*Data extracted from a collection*
+---+

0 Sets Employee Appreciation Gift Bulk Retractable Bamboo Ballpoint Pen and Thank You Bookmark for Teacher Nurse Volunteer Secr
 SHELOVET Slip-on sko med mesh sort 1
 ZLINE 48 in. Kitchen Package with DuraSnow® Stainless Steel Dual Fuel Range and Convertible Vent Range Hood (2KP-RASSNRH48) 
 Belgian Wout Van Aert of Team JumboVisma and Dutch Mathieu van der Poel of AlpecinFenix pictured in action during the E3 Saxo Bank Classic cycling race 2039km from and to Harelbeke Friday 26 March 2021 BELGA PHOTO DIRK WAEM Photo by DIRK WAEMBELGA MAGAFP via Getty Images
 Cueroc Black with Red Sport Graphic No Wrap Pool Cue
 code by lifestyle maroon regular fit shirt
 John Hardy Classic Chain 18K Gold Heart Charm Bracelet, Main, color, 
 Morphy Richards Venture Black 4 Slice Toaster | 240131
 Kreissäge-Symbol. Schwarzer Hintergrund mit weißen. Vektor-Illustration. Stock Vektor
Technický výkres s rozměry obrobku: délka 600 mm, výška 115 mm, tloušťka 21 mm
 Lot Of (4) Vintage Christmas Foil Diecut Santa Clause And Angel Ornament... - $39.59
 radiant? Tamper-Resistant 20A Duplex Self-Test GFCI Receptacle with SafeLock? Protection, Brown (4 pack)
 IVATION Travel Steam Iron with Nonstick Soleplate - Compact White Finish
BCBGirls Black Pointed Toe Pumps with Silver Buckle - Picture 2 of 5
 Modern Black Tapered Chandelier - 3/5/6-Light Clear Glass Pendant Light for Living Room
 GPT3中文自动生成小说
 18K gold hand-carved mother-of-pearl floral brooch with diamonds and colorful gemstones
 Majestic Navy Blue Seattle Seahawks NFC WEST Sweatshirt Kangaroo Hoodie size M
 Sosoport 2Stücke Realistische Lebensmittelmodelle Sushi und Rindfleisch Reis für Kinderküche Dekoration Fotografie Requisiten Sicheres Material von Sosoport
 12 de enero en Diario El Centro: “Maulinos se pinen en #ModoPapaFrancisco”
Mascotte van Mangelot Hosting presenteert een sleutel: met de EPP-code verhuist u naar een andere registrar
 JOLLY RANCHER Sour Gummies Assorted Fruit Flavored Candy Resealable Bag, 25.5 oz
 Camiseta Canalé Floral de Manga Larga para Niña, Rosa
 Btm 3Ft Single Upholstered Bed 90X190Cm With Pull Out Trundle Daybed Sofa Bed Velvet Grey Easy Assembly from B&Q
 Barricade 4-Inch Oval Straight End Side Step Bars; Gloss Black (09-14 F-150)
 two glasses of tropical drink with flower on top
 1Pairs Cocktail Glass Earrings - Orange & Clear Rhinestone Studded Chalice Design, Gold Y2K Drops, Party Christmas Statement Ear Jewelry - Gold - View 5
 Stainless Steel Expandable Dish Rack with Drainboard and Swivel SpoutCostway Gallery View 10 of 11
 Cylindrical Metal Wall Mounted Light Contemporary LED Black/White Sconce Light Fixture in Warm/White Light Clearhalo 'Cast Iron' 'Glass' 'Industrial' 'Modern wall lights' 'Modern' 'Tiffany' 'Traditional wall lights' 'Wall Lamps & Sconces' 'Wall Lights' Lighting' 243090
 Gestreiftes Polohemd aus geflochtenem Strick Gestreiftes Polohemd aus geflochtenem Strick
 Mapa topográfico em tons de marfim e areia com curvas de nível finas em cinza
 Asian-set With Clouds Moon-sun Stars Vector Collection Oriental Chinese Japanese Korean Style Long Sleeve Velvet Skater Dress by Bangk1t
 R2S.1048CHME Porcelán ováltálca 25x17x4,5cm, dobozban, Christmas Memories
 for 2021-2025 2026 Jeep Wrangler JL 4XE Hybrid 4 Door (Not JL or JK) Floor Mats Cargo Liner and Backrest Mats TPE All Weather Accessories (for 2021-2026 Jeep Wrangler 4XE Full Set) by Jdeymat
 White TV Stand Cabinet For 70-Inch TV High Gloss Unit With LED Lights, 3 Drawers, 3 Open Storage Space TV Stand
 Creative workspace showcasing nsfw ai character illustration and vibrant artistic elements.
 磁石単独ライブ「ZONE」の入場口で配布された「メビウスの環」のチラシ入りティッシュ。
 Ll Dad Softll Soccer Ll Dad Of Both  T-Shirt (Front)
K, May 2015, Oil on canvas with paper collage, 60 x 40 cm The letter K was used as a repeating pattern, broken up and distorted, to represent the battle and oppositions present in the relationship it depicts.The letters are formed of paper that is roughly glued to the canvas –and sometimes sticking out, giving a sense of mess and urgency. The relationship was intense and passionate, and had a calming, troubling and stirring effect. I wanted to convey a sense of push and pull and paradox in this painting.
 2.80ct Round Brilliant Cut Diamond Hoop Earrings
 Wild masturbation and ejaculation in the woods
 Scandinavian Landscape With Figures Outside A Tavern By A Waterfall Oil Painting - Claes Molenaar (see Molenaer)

+---+

*PROBLEM REQUIREMENTS*
In the entries, find the line containing "K, May 2015, Oil" and output it and all remaining lines exactly.

*YOUR RESPONSE*
K, May 2015, Oil on canvas with paper collage, 60 x 40 cm The letter K was used as a repeating pattern, broken up and distorted, to represent the battle and oppositions present in the relationship it depicts.The letters are formed of paper that is roughly glued to the canvas –and sometimes sticking out, giving a sense of mess and urgency. The relationship was intense and passionate, and had a calming, troubling and stirring effect. I wanted to convey a sense of push and pull and paradox in this painting.
 2.80ct Round Brilliant Cut Diamond Hoop Earrings
 Wild masturbation and ejaculation in the woods
 Scandinavian Landscape With Figures Outside A Tavern By A Waterfall Oil Painting - Claes Molenaar (see Molenaer)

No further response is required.